The living room before we bought it:

photo courtesy of Joann Grenard

Note the purple lace curtains. They were cute with all that white wicker but way too Stevie Nicks, even for me. So I replaced them with some white lace curtains that were surprisingly hard to find. I guess lace isn’t in-the-fashion right now. My bad. (I’m always about 20 years behind – notice that I don’t even have a flat screen tv!).

photo credit: Sarah Felix Burns

The living room has nice warm hardwood floors, but they are not original to the house:

photo credit: Sarah Felix Burns

The sign over the television reads: The Queen is not accepting an audience today! I thought about hanging it on the front gate, but decided against it because that might scare off the pizza delvery guy.

photo credit: Sarah Felix Burns

There are three large windows in the living room, so it gets wonderful sunlight.

photo credit: Sarah Felix Burns

These pictures are not exactly up to date… I’m always tweaking the living room. I plan to paint it a nice soft green color this winter.

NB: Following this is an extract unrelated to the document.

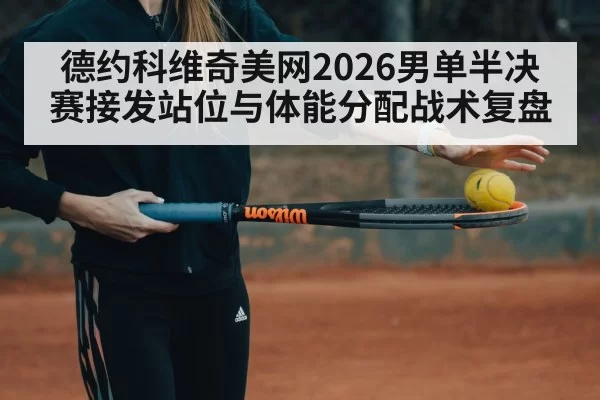 德约科维奇美网2026男单半决赛接发站位与体能分配战术复盘 | pgdianzi
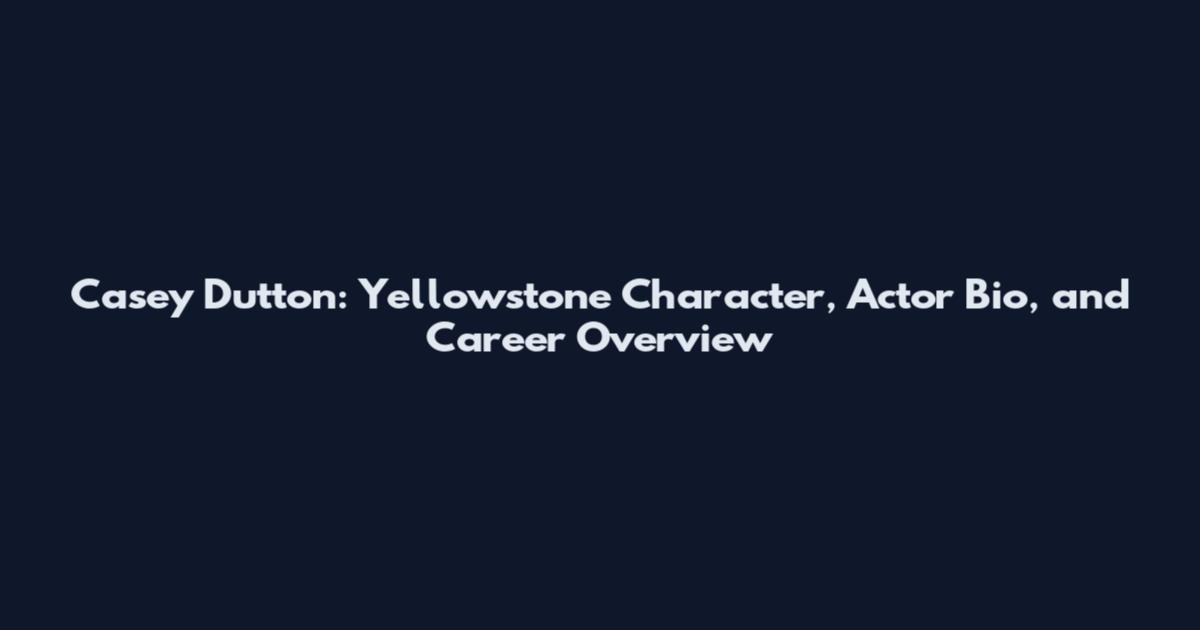 Casey Dutton: Yellowstone Character, Actor Bio, and Career Overview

The purple-y-mauve-y-lavender-grey shade on the walls is rather drab. I’ll share pics when I get around to it.

The dining room has that same purple-grey paint on the walls, but it also features these nifty black-and-white checkered floors:

photo credit: Sarah Felix Burns

When my six-year-old son first saw this room he ran in and said: “I can play checkers on the floor!”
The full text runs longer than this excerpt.